### RECORDS FOR THIS TASK
---
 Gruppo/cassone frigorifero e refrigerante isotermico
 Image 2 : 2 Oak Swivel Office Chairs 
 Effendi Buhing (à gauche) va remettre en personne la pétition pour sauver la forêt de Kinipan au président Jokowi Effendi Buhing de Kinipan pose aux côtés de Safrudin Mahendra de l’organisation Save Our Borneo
---
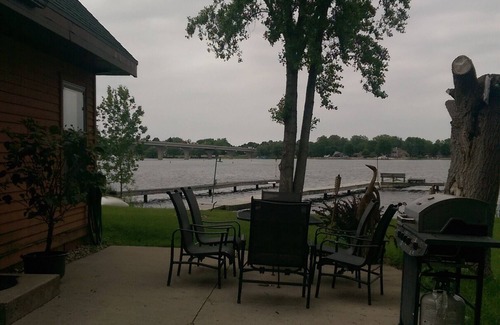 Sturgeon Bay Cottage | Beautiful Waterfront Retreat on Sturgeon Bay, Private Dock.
---
The expected output is exactly the lines of the listing above between the line holding "Image 2 : 2 Oak Swivel Office Chairs" and the line holding "Effendi Buhing (à", inclusive.

### TASK SOLUTION
 Image 2 : 2 Oak Swivel Office Chairs 
 Effendi Buhing (à gauche) va remettre en personne la pétition pour sauver la forêt de Kinipan au président Jokowi Effendi Buhing de Kinipan pose aux côtés de Safrudin Mahendra de l’organisation Save Our Borneo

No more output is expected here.